§ What the task asks
Copy out the records precisely, omitting pictures.
--- Data for review Enclosed Below ---
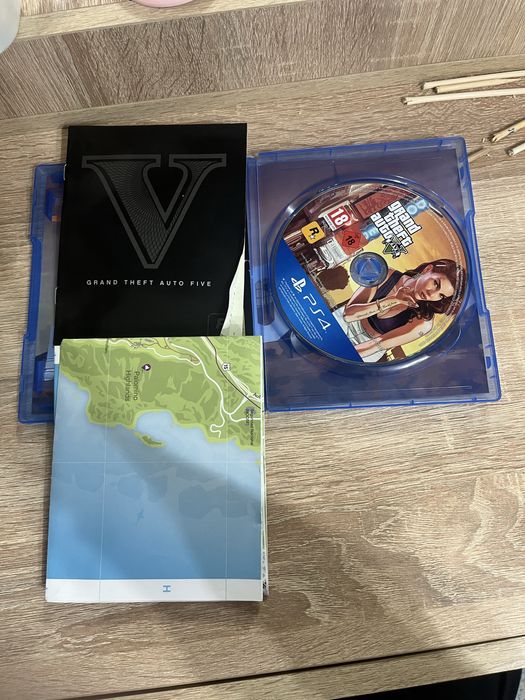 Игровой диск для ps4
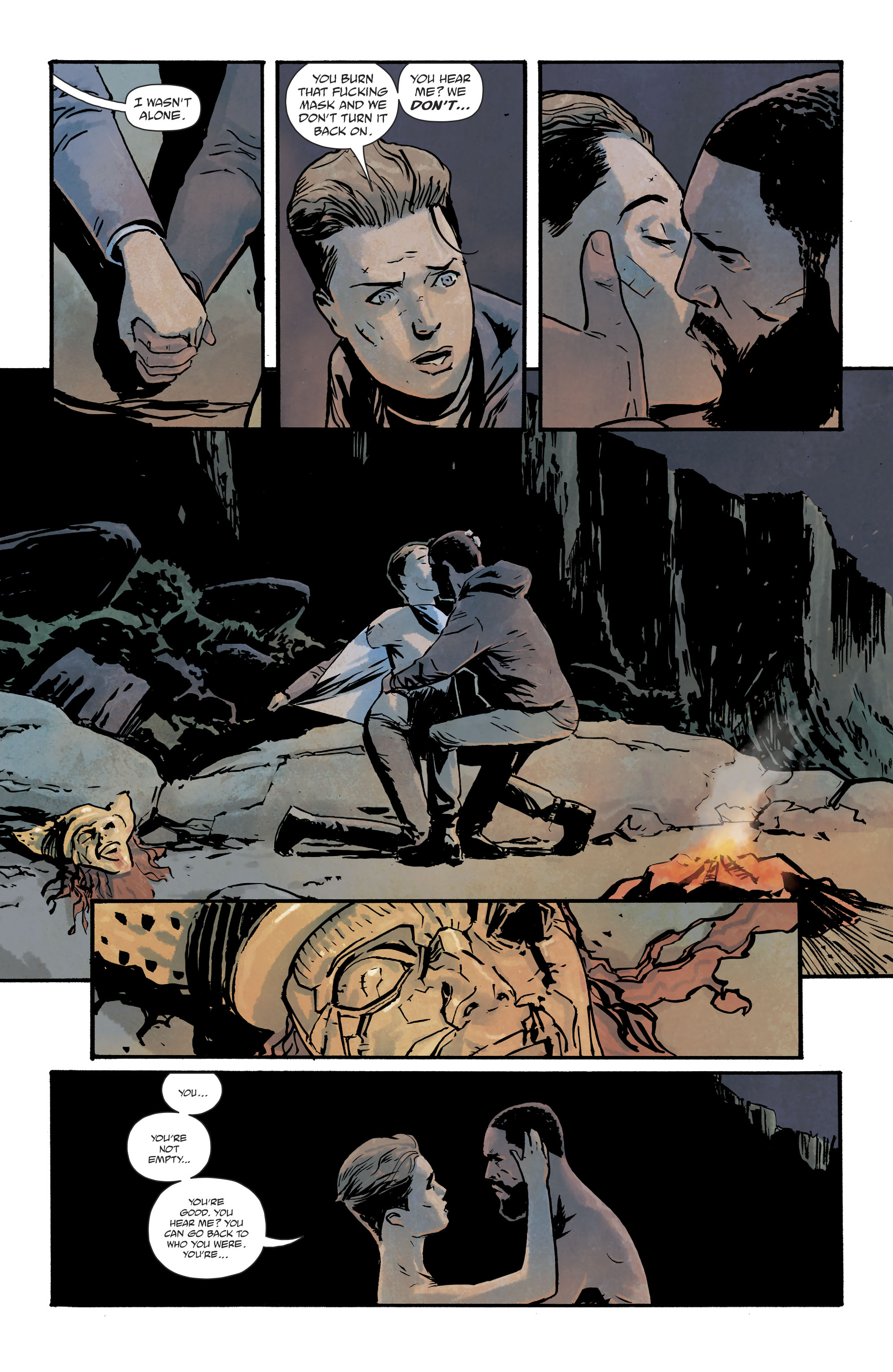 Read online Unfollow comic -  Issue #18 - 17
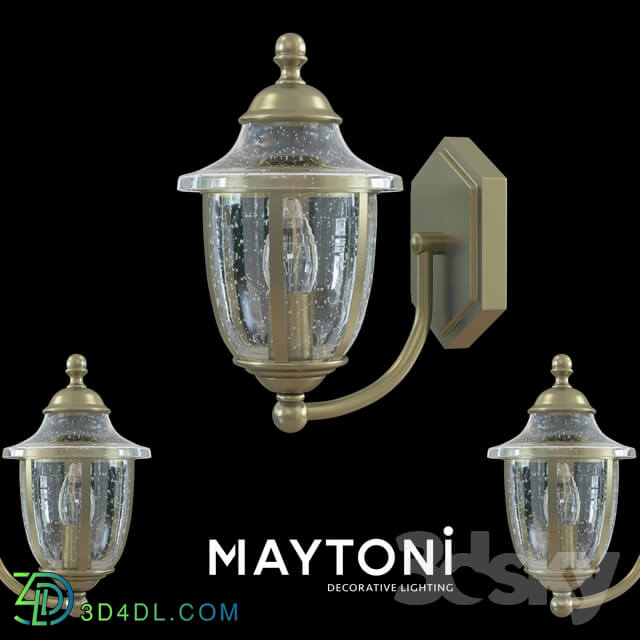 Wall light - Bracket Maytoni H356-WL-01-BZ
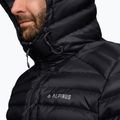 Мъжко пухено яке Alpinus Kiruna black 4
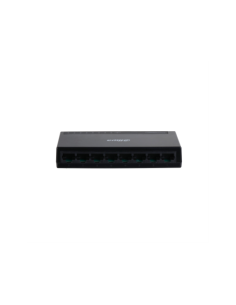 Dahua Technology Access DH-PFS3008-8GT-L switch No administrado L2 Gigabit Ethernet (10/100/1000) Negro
--- End of Enclosed Data for review ---
§ Solved exercise
 Игровой диск для ps4
 Read online Unfollow comic -  Issue #18 - 17
 Wall light - Bracket Maytoni H356-WL-01-BZ
 Мъжко пухено яке Alpinus Kiruna black 4
 Dahua Technology Access DH-PFS3008-8GT-L switch No administrado L2 Gigabit Ethernet (10/100/1000) Negro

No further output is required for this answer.